Use of severity-adjusted length of stay to modify physician practice patterns.

Autor: Gross PA; Hackensack Medical Center, NJ 07601., Yost-Cataruozolo PE, DeMauro P, Passaglia L, Eason P, Hopkins B, Fiallo M, Wallenstein S, Levine J, Boscamp J
Jazyk: angličtina
Zdroj: Clinical performance and quality health care [Clin Perform Qual Health Care] 1993 Jan-Mar; Vol. 1 (1), pp. 23-8.
Abstrakt: Objective: To compare inpatient length of stay among physicians by testing a new method for severity adjusting length of stay.
Design: A retrospective validation study with prospective follow-up after an intervention.
Setting: A 531-bed community teaching hospital.
Patients: Three hundred randomly selected patients from the 30,861 patients discharged in 1990.
Intervention: A physician with a significantly prolonged severity-adjusted length of stay was counseled and then monitored for three months.
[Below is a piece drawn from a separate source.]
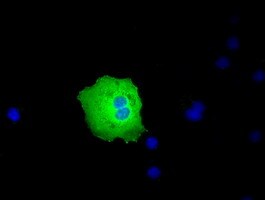 PEX5 Antibody (OTI6E9) Immunocytochemistry/ Immunofluorescence;PEX5 Antibody (OTI6E9)[NBP3-44637]-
Results: The correlation between the number of comorbidities, complications, and manifestations of disease processes (CCMDPs) was R2 = 0.658, t = 23.96 (p = .001). One physician had an unusually high severity-adjusted length of stay, but lowered it after he was counseled and monitored for three months.
Conclusions: The number of CCMDPs recorded on the hospital discharge abstract can be used as a severity index to adjust a patient's length of stay for illness severity. Using linear regression analysis, a picture of the severity-adjusted length of stay can be derived for physicians. Through counseling and monitoring, individual physicians' lengths of stay patterns may be reduced.